• _Problem to work on_
Write out every record below exactly, leaving the pictures out.

• _Data extracts_
*** Block opens ***

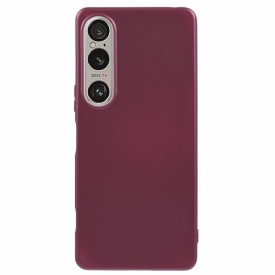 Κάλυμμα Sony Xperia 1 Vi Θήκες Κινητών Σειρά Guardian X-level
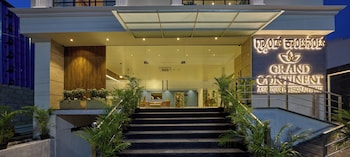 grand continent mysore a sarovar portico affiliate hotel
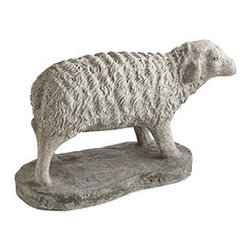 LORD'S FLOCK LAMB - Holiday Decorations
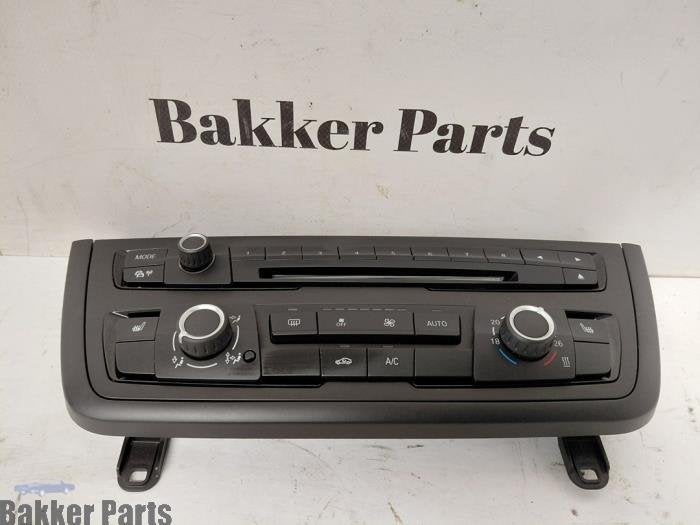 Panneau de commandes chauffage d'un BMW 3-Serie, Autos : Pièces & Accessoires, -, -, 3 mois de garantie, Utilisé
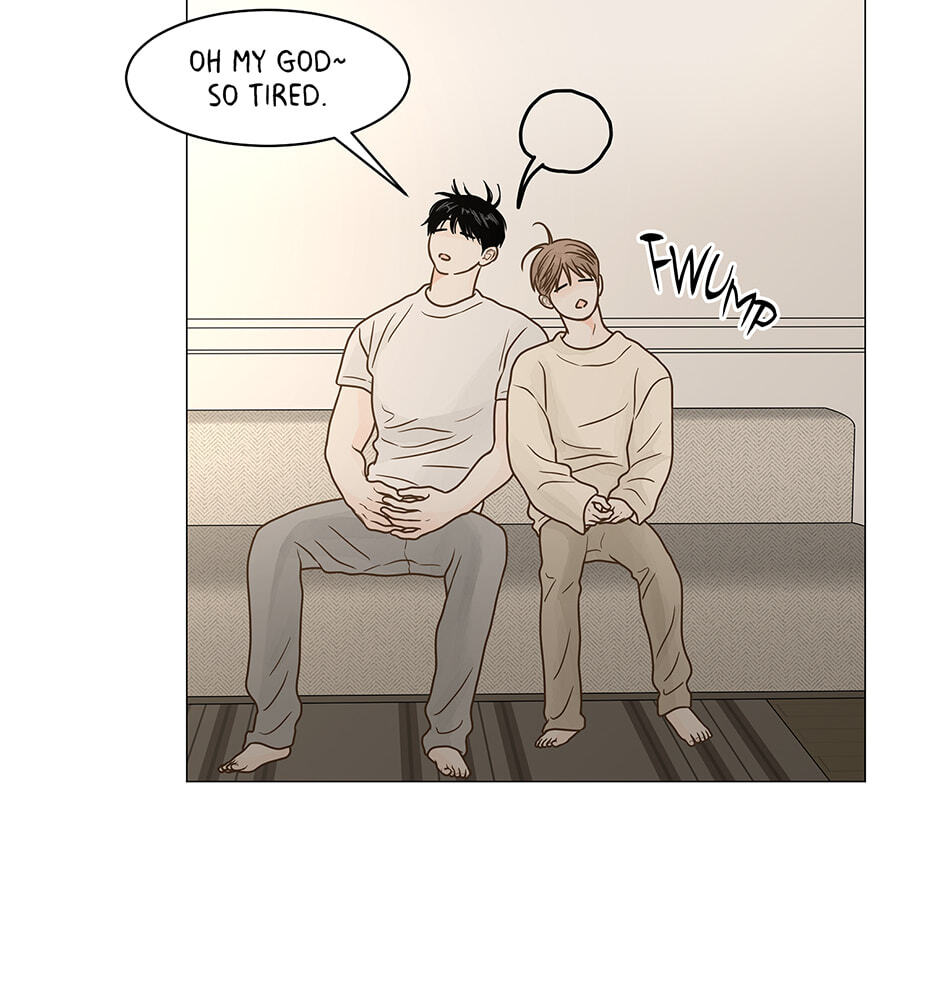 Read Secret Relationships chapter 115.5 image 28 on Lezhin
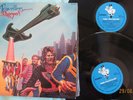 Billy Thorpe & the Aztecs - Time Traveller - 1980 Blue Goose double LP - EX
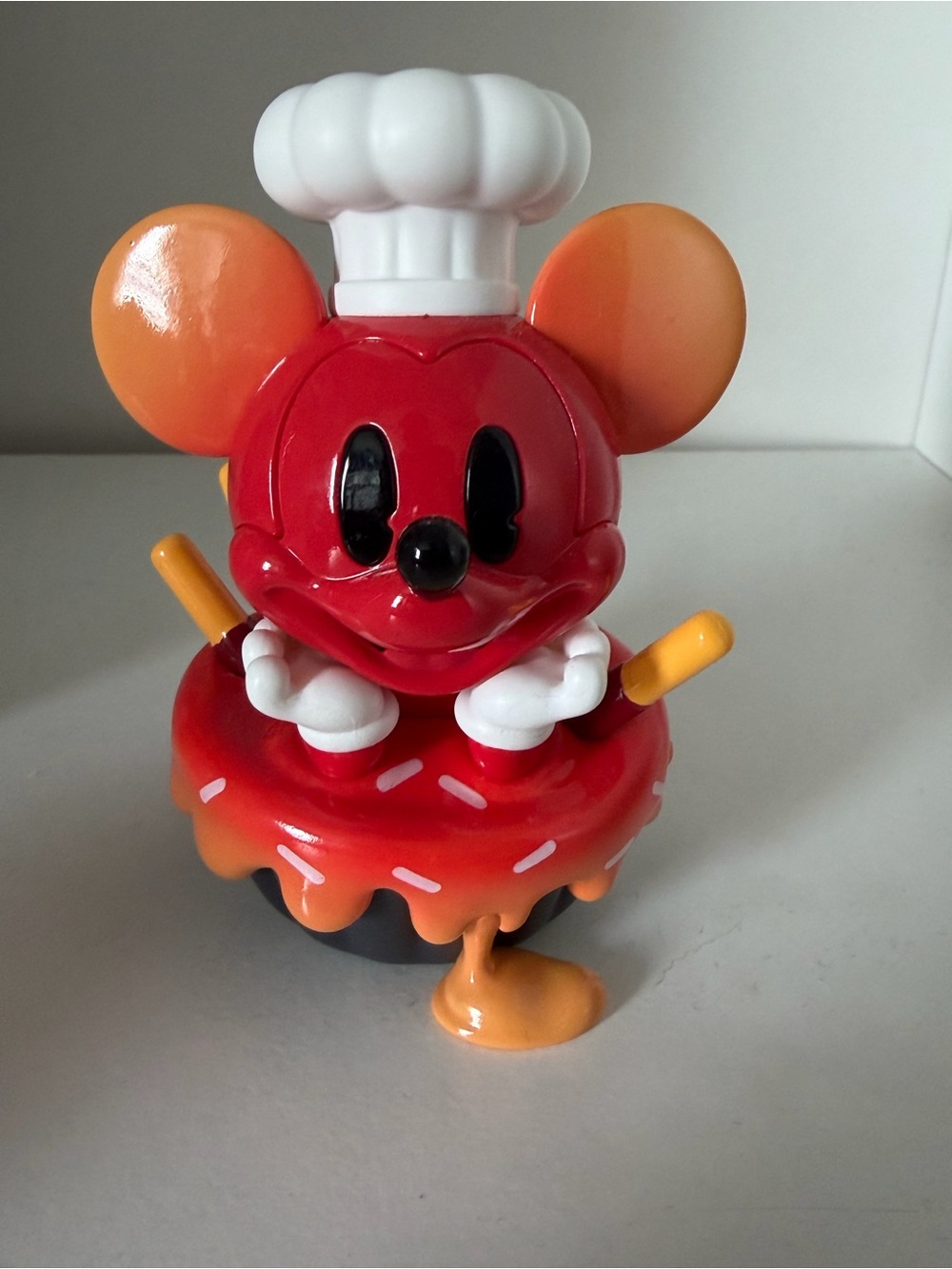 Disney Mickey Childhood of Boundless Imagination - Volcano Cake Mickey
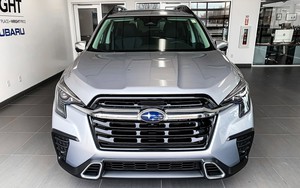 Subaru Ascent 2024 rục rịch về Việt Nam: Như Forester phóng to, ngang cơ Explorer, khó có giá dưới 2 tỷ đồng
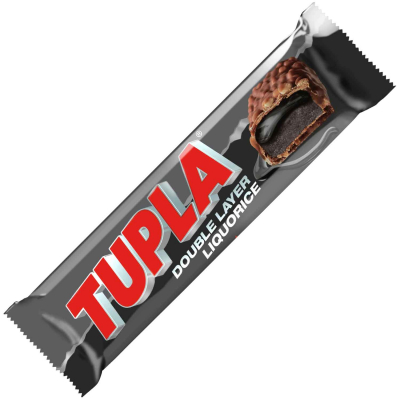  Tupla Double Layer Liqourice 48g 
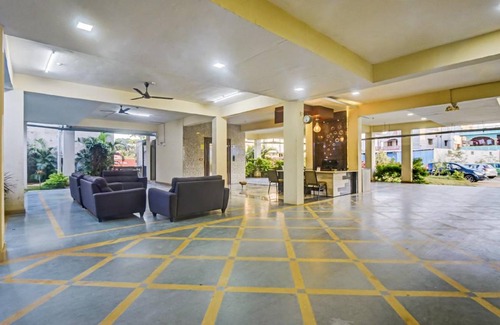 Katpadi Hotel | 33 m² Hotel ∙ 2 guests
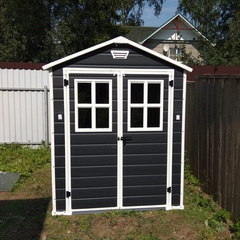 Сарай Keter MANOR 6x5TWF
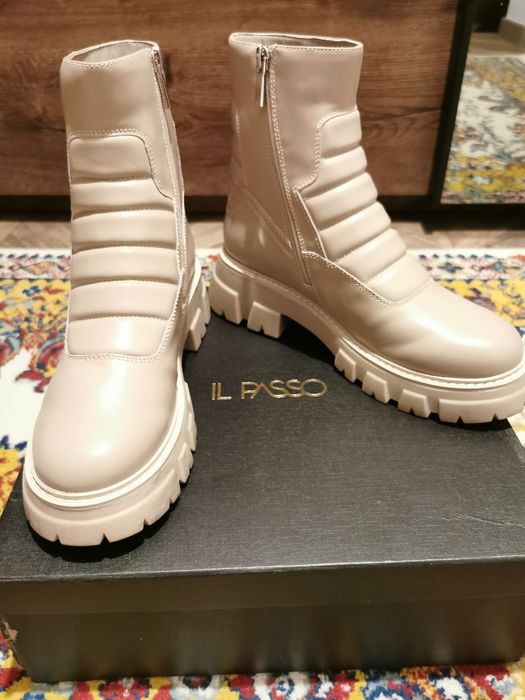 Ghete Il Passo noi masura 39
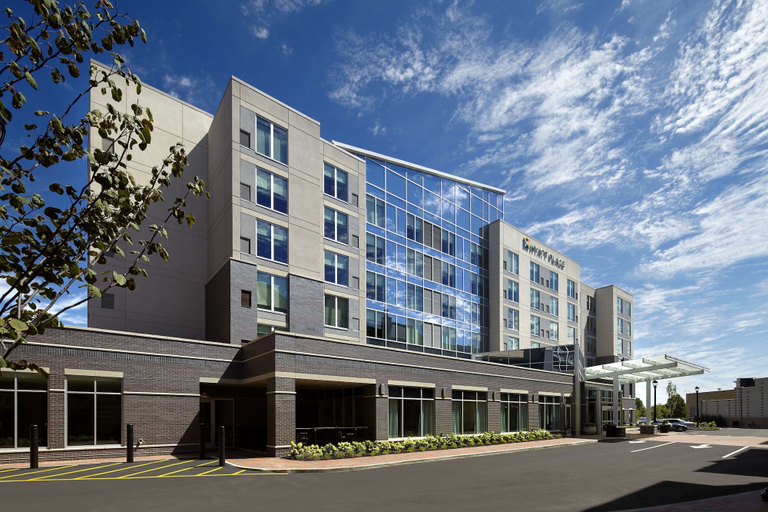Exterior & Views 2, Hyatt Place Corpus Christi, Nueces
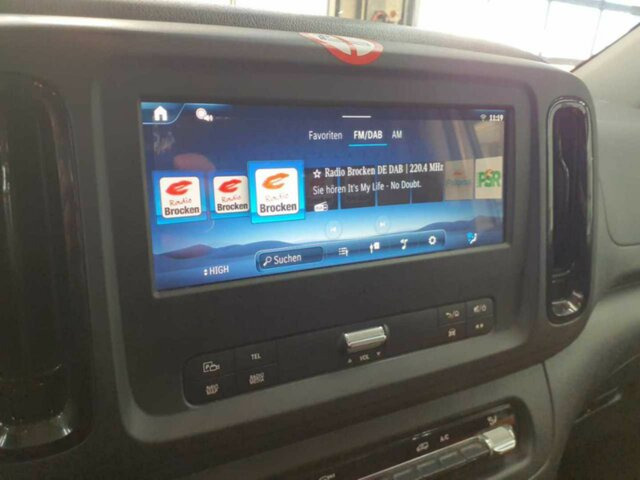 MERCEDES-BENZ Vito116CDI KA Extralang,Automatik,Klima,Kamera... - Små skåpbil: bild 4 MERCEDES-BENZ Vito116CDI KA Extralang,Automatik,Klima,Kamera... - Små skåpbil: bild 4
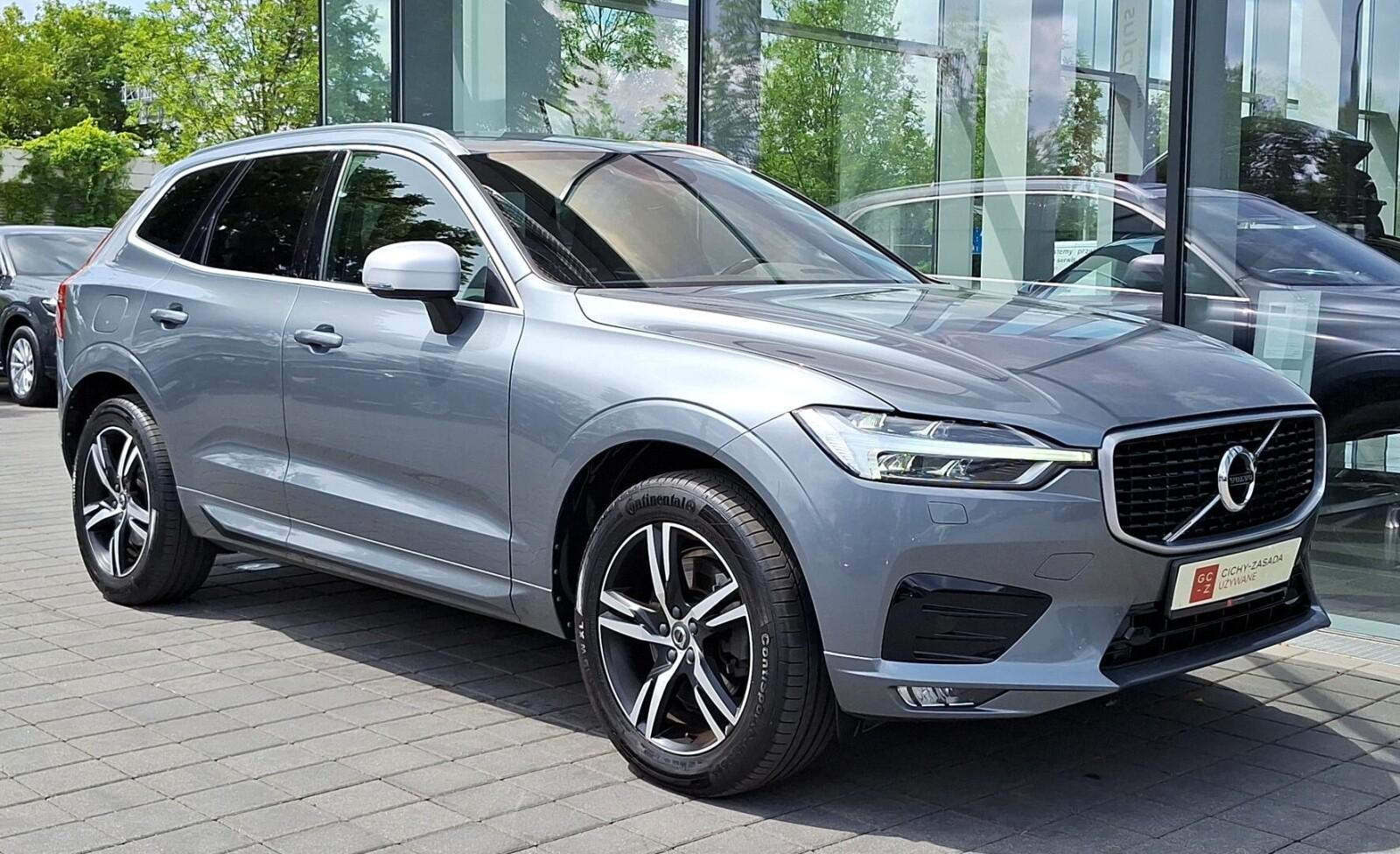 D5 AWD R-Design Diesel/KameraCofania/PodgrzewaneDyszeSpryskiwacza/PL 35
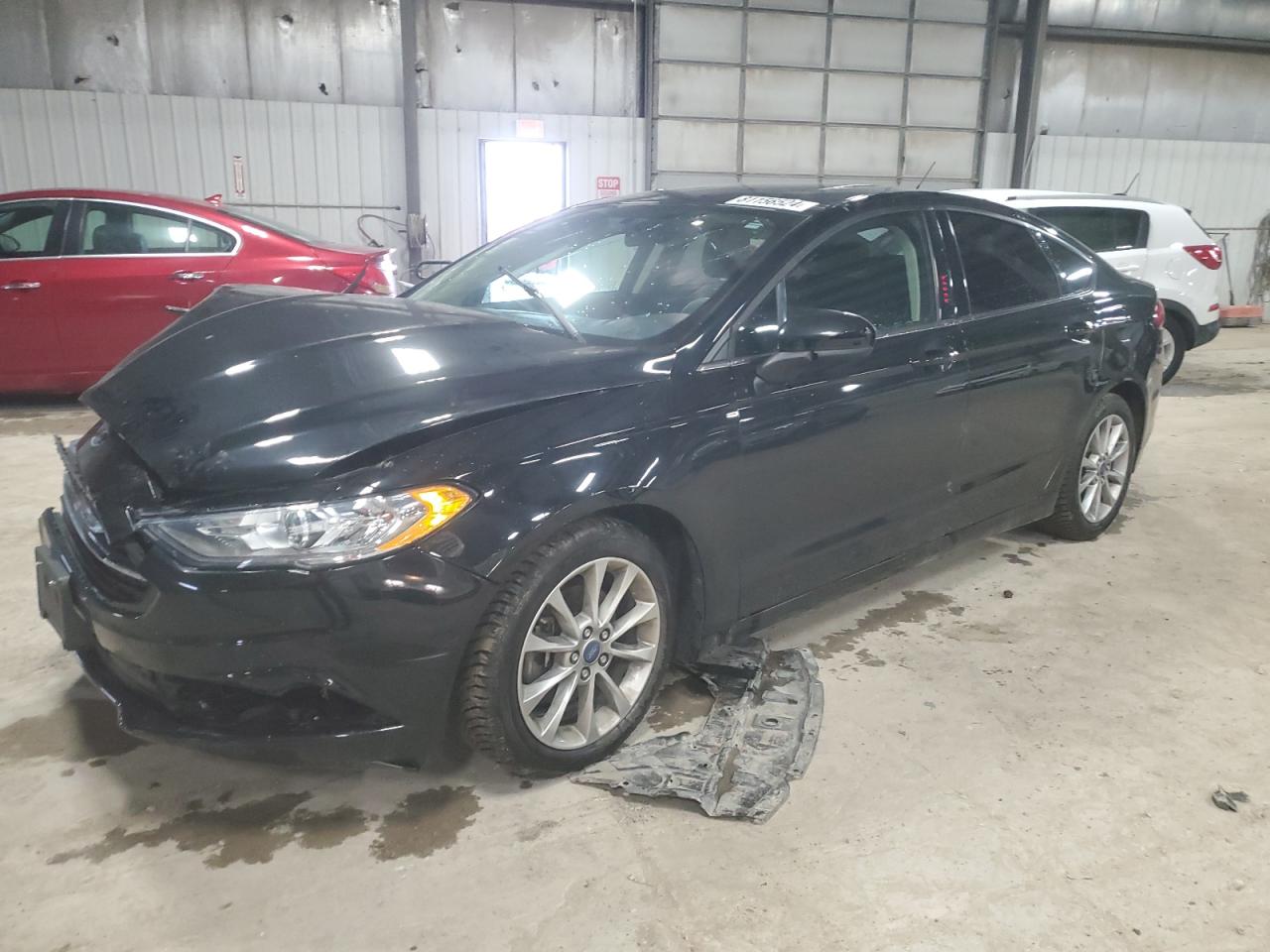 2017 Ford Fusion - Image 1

*** Block closes ***

• _Task solution_
 Κάλυμμα Sony Xperia 1 Vi Θήκες Κινητών Σειρά Guardian X-level
 grand continent mysore a sarovar portico affiliate hotel
 LORD'S FLOCK LAMB - Holiday Decorations
 Panneau de commandes chauffage d'un BMW 3-Serie, Autos : Pièces & Accessoires, -, -, 3 mois de garantie, Utilisé
 Read Secret Relationships chapter 115.5 image 28 on Lezhin
 Billy Thorpe & the Aztecs - Time Traveller - 1980 Blue Goose double LP - EX
 Disney Mickey Childhood of Boundless Imagination - Volcano Cake Mickey
 Subaru Ascent 2024 rục rịch về Việt Nam: Như Forester phóng to, ngang cơ Explorer, khó có giá dưới 2 tỷ đồng
  Tupla Double Layer Liqourice 48g 
 Katpadi Hotel | 33 m² Hotel ∙ 2 guests
 Сарай Keter MANOR 6x5TWF
 Ghete Il Passo noi masura 39
Exterior & Views 2, Hyatt Place Corpus Christi, Nueces
 MERCEDES-BENZ Vito116CDI KA Extralang,Automatik,Klima,Kamera... - Små skåpbil: bild 4 MERCEDES-BENZ Vito116CDI KA Extralang,Automatik,Klima,Kamera... - Små skåpbil: bild 4
 D5 AWD R-Design Diesel/KameraCofania/PodgrzewaneDyszeSpryskiwacza/PL 35
 2017 Ford Fusion - Image 1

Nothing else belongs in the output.